When I got home that night, there was only 1.5 MB of free disk space. I knew I had to move those pictures.

I used (note the past tense) Adobe Photo Album to organize my photos. I really liked the fact that I could tag my photos for ease of searching. After tagging some 6,000 photos taken over the course of many years, I learned that the tags weren't saved with the files - they lived in the application it self. My photos weren't all that backup-able without tags.
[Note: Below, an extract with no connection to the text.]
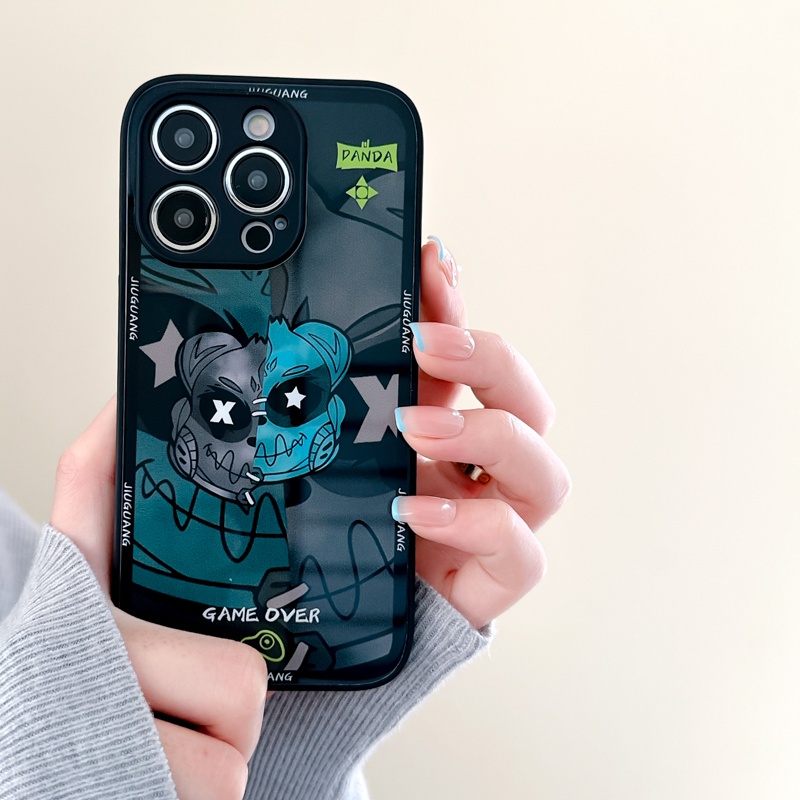 Casing Ponsel Kaca Motif Beruang Untuk iPhone 14 Pro Max 13Pro 12 11 Pro Max XR Xs Max Hard Back Cover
Some Google searches revealed that Photoshop Elements 4.0 had thee functionality to write existing tags to the file and in the future would save the tags to the file themselves. Google searches revealed that other products, namely Picasa, would also save the tags to the file. Picasa is a free Google product which appeals to me. I decided I would switch.

I used Elements to convert my tags and then exported them to my iPod. I actually had to install some of Elements on a flash drive I had so little space! I then deleted my catalog, Elements and Photo Album from my computer. This freed up 10 GB of disk space. I now have enough room to defrag my hard disk. My computer should be back to its good old self.

All my photos are backed up now and easy to put where ever I want them!